What the task requires:
When you reach the line in the listing below that contains "Hotel Oyo 12274 Royal Palace", begin returning lines exactly as written, and stop after the line that contains "Medium Duty Box". Return no other lines.

Task inputs:
____________________

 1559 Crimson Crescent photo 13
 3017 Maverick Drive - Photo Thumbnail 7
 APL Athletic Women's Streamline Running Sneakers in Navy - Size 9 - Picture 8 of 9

____________________

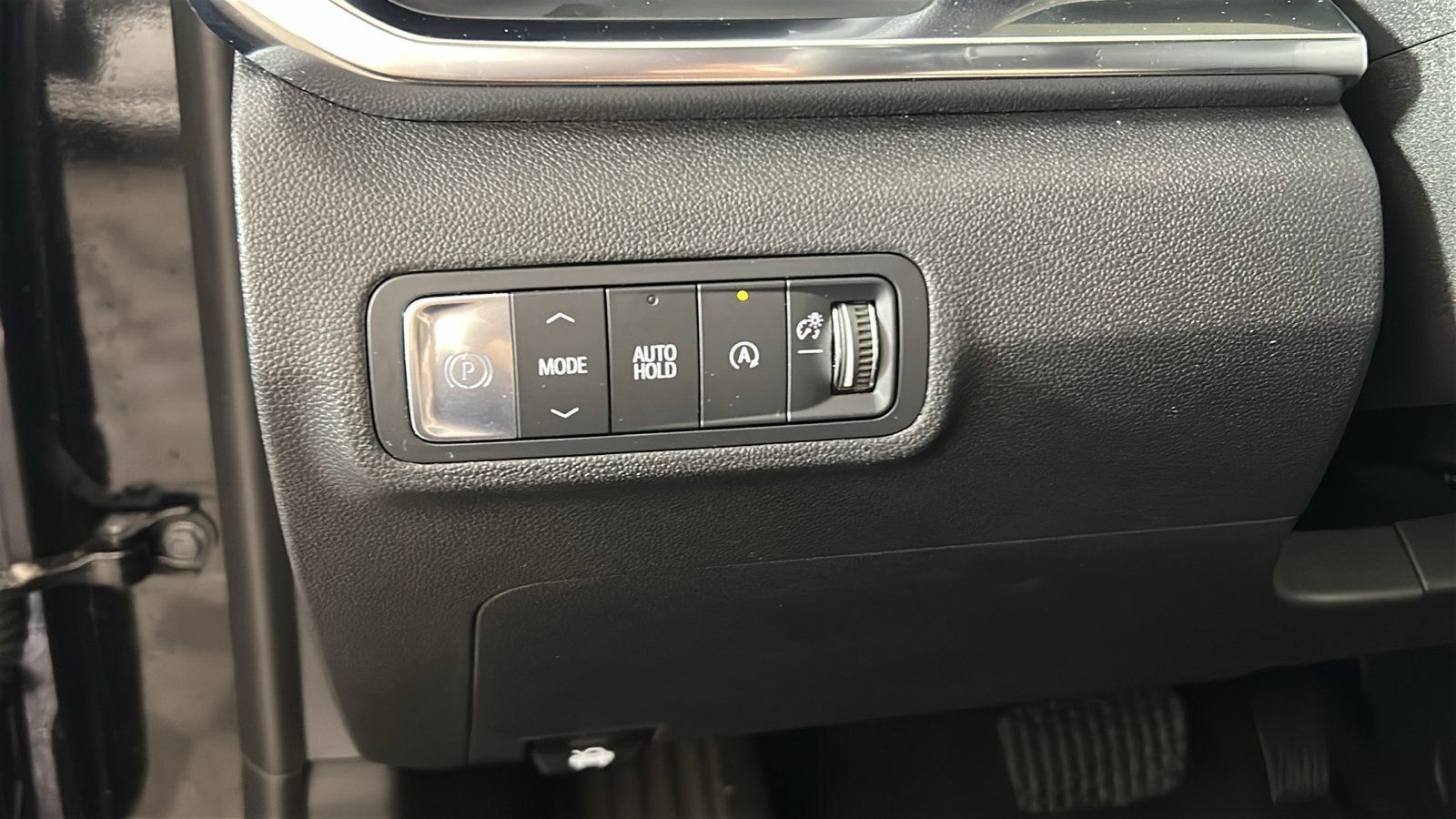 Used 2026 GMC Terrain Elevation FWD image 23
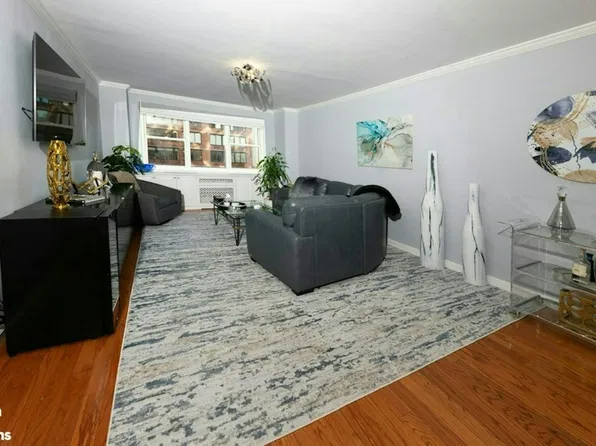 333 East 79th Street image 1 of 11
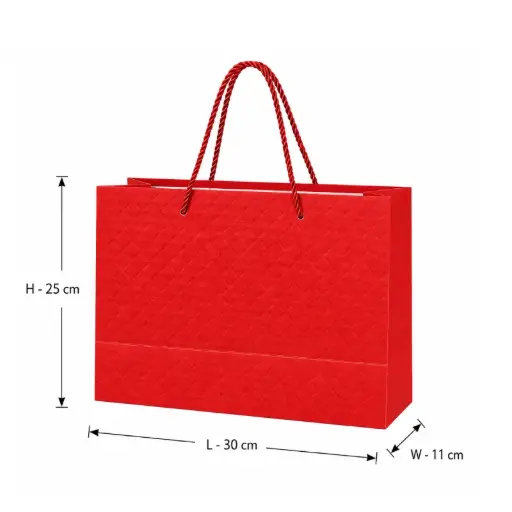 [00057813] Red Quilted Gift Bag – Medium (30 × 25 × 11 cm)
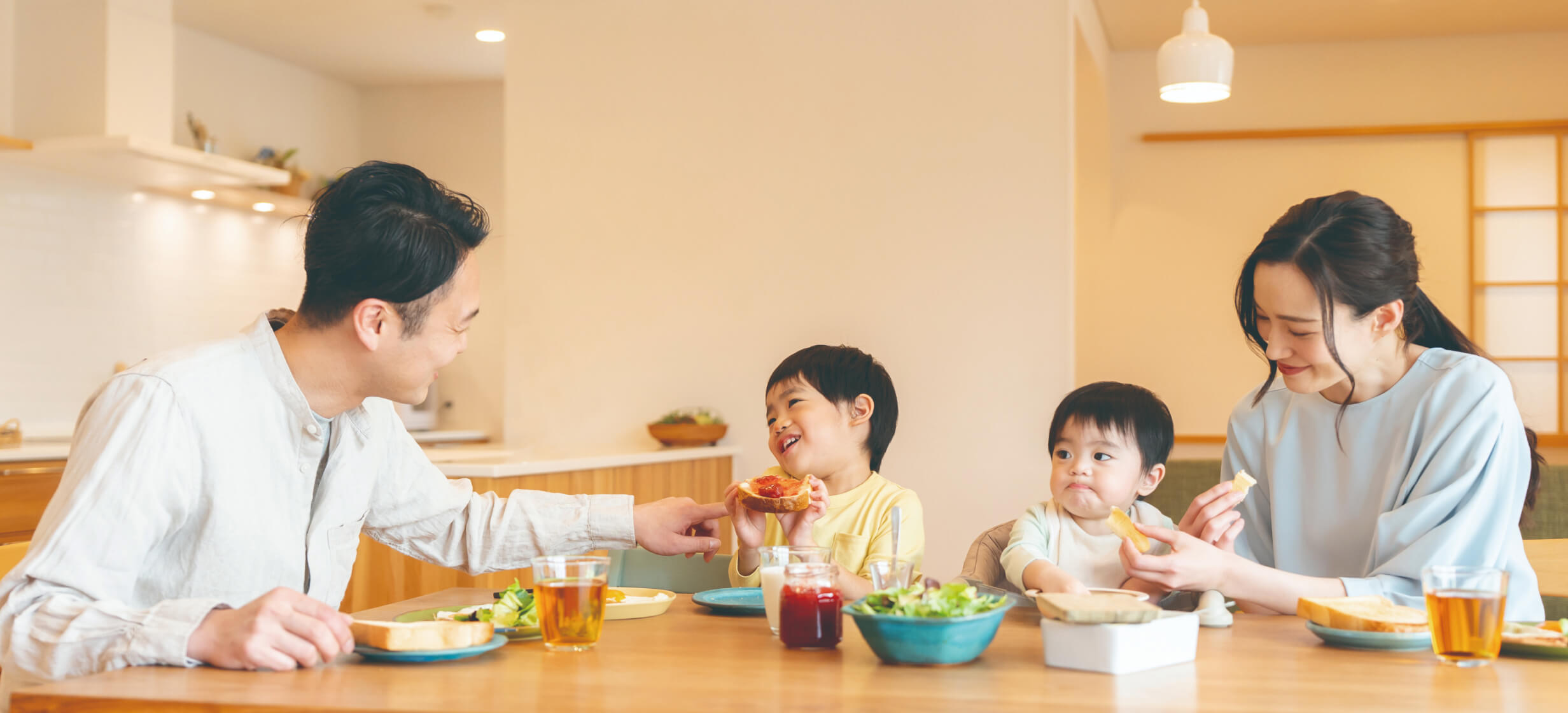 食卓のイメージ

____________________

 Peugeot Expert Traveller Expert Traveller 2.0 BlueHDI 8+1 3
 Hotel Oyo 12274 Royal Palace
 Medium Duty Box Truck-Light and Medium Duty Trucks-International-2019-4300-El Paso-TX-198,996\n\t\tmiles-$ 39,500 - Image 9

____________________

Answer for the task:
 Hotel Oyo 12274 Royal Palace
 Medium Duty Box Truck-Light and Medium Duty Trucks-International-2019-4300-El Paso-TX-198,996\n\t\tmiles-$ 39,500 - Image 9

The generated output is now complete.